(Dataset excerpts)
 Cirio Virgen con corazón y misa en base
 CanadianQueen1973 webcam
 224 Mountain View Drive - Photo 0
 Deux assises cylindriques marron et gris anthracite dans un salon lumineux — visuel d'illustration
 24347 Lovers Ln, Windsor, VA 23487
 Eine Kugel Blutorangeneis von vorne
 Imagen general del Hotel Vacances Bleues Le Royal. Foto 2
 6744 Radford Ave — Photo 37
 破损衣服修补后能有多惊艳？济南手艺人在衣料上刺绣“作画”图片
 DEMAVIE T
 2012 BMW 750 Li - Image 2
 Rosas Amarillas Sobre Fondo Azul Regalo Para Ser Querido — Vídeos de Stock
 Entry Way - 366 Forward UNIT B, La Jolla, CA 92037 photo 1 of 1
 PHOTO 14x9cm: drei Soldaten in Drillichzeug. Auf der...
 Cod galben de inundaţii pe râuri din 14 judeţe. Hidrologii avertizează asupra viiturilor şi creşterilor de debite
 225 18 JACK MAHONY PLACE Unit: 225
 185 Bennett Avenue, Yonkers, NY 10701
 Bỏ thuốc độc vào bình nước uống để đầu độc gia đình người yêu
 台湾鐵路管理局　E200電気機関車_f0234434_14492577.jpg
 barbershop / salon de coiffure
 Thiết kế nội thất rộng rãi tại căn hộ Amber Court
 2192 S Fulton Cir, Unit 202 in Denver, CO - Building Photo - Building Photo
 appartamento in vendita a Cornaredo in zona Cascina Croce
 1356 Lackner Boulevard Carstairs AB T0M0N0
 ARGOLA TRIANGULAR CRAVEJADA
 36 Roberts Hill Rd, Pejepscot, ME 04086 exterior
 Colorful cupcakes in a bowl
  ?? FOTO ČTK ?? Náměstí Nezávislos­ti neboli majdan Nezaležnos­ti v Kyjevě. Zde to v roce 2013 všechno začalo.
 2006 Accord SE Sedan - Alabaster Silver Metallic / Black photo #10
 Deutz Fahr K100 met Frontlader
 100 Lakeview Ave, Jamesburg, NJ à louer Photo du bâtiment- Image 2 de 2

What you will do — Each line from the one containing "225 18 JACK MAHONY PLACE Unit: 225" to the last line above must be returned exactly, and no line outside that range.

Solved exercise —
 225 18 JACK MAHONY PLACE Unit: 225
 185 Bennett Avenue, Yonkers, NY 10701
 Bỏ thuốc độc vào bình nước uống để đầu độc gia đình người yêu
 台湾鐵路管理局　E200電気機関車_f0234434_14492577.jpg
 barbershop / salon de coiffure
 Thiết kế nội thất rộng rãi tại căn hộ Amber Court
 2192 S Fulton Cir, Unit 202 in Denver, CO - Building Photo - Building Photo
 appartamento in vendita a Cornaredo in zona Cascina Croce
 1356 Lackner Boulevard Carstairs AB T0M0N0
 ARGOLA TRIANGULAR CRAVEJADA
 36 Roberts Hill Rd, Pejepscot, ME 04086 exterior
 Colorful cupcakes in a bowl
  ?? FOTO ČTK ?? Náměstí Nezávislos­ti neboli majdan Nezaležnos­ti v Kyjevě. Zde to v roce 2013 všechno začalo.
 2006 Accord SE Sedan - Alabaster Silver Metallic / Black photo #10
 Deutz Fahr K100 met Frontlader
 100 Lakeview Ave, Jamesburg, NJ à louer Photo du bâtiment- Image 2 de 2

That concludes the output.